Repeat all of the data below word for word, keeping no images.

Recorded information
#####

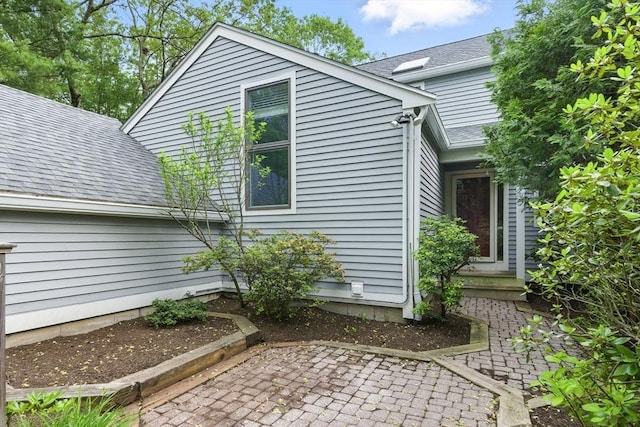 2 Hillside Dr Unit 2, Wayland, MA 01778 - view of side of property with a patio area and roof with shingles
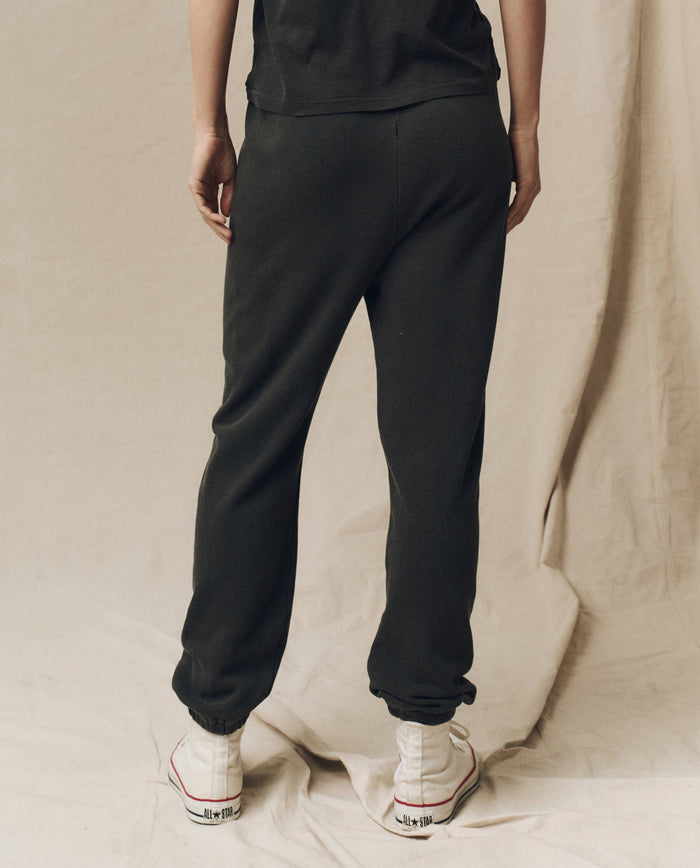 Person standing with their back turned, wearing The Stadium Sweatpant in washed black from THE GREAT. CORE KNITS and white sneakers against a beige background.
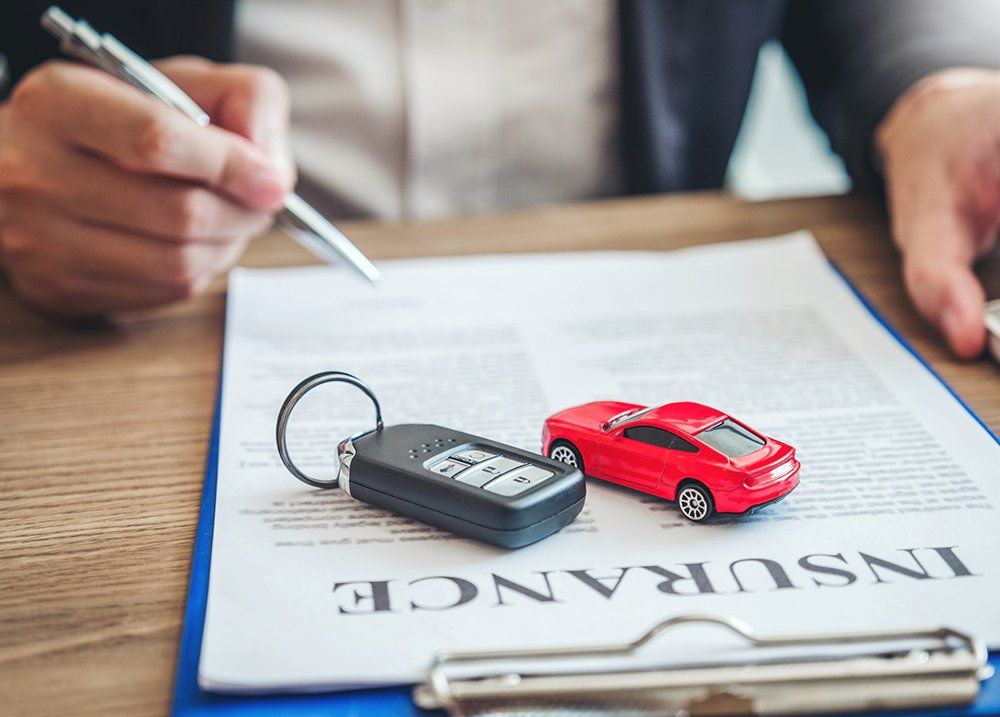 Signing Insurance Contract — Chicago, IL — Metropolitan Insurance Service Consultants, Inc Signing Insurance Contract — Chicago, IL — Metropolitan Insurance Service Consultants, Inc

#####

Written response
 2 Hillside Dr Unit 2, Wayland, MA 01778 - view of side of property with a patio area and roof with shingles
 Person standing with their back turned, wearing The Stadium Sweatpant in washed black from THE GREAT. CORE KNITS and white sneakers against a beige background.
 Signing Insurance Contract — Chicago, IL — Metropolitan Insurance Service Consultants, Inc Signing Insurance Contract — Chicago, IL — Metropolitan Insurance Service Consultants, Inc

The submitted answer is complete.